All of those are the opening sentences of each state’s secession declaration expect Texas’ which reviews the history of annexation first. There is also plenty of anti-states’-rights language in them as well.
Because they vote and some end up in office, where they can make public policy decisions.
Related to slavery.
Related to slavery.
Because of the slave economy.
To facilitate the divine work of job creators by protecting property and allowing them to handle their business as they see fit. /s
This is why there’s so much crossover between “free” market fundies and bigots. Kim Stanley Robinson put it succinctly:
“That’s libertarians for you — anarchists who want police protection from their slaves.”
That’s not the version the bigots use, of course. This mope couldn’t even summon up the bogus version uttered in kneejerk fashion by his fellow racists.
Slavery was the main issue that informed all the others you mention.
I agree with you, but it also doesn’t reduce it to a simple “it was a war to free the slaves”. That’s not it. The North didn’t have a passion for anti-racism and freeing slaves. In fact there were major draft riots in NYC because Irish workers didn’t dream of freeing slaves and having them move to NYC. The North was just as racist as the South, maybe more. I guess I could say slavery was the major cause of the war, but it wasn’t a war of the virtuous North wanting to free the slaves. In fact Lincoln’s idea was to return the freed slaves to Africa. Saying, “it was a war to free the slaves” makes it sound like the North went to war to rescue blacks, which just isn’t true.

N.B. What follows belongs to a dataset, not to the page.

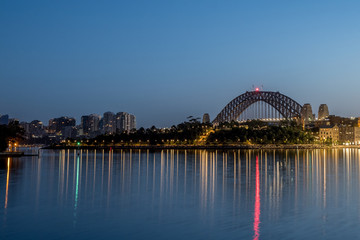 Obraz premium Barangaroo Reserve and Sydney Harbour Bridge at dawn
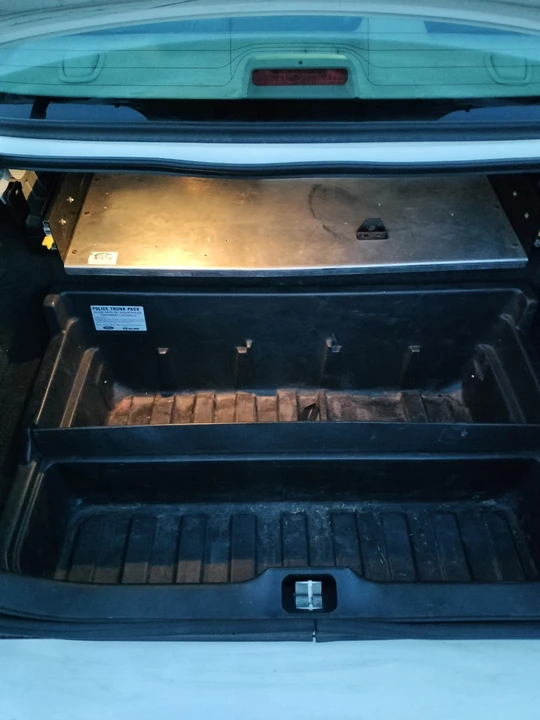 2009 Ford Crown Victoria - Image 16 of 16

Great photo, have posted it myself to several CW threads on various sites.
A couple of decades ago I was in a CW reenactment group (19th Indiana - Up the Black Hat Boys!). We spent a fair amount of time trying to encourage the start of some USCT reenactors in our area. Sadly it never happened - but there are a number of units up and running now.

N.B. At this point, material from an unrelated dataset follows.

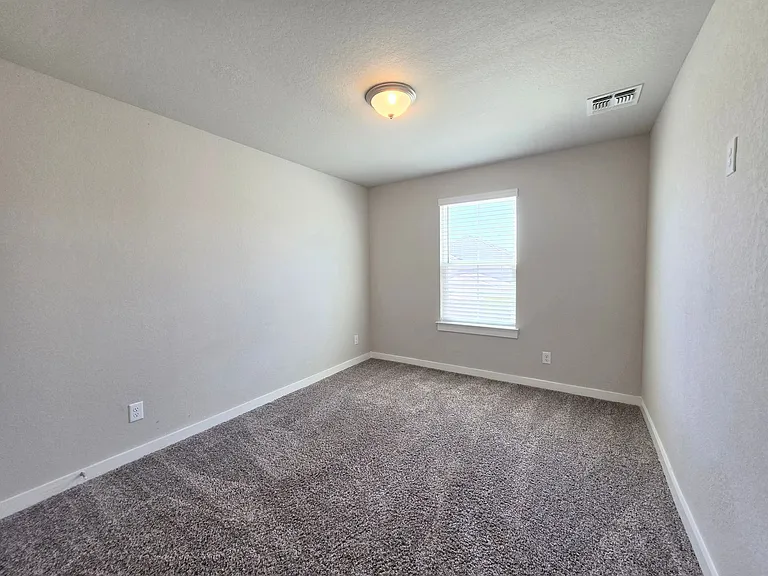 724 Fort Leonard — Photo 20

He does have a point that the Confederate battle flag means things other than overt racism to some people. Primarily a “rebel” spirit (especially when used by non-southerners), and southern heritage. It also used to be more ubiquitous in the past as more of a. You could find it ads for patches in comic books next to the peace sign and patches making fun of Nixon and other popular culture (i.e. the Dukes of Hazard).
But as things have shifted, the most fervent flag wavers seem to be racists. And one can clearly connect it as a sign of overt racism today.
And certainly he is wrong that the Civil War wasn’t started over slavery. The founders of the CSA made this crystal clear in their letters and new Constitutions. Now many of the southern soldiers may have fought more for their state and family than slavery per se, but their actions none the less supported the government who was fighting to keep their “peculiar institution” alive.
So then why did the war happen? Virtually every grievance the South listed was either about owning slaves or directly secondary to it.
The North was pretty much just like “Yeah, no, you’re not going to form your own little banana republic using our valuable farmland, you slaveowning pricks”.
This guy, a historian: If you’d actually studied the history, you’d know that there were many causes. It wasn’t just slavery.
Interviewer: Oh yeah? What were the other causes?
This guy: How the hell should I know?
The interviewer doesn’t reduce it to that, though. He’s asking what the war was about. That it was about slavery is an inescapable fact no matter how much the bigots try to distract with details and euphemisms.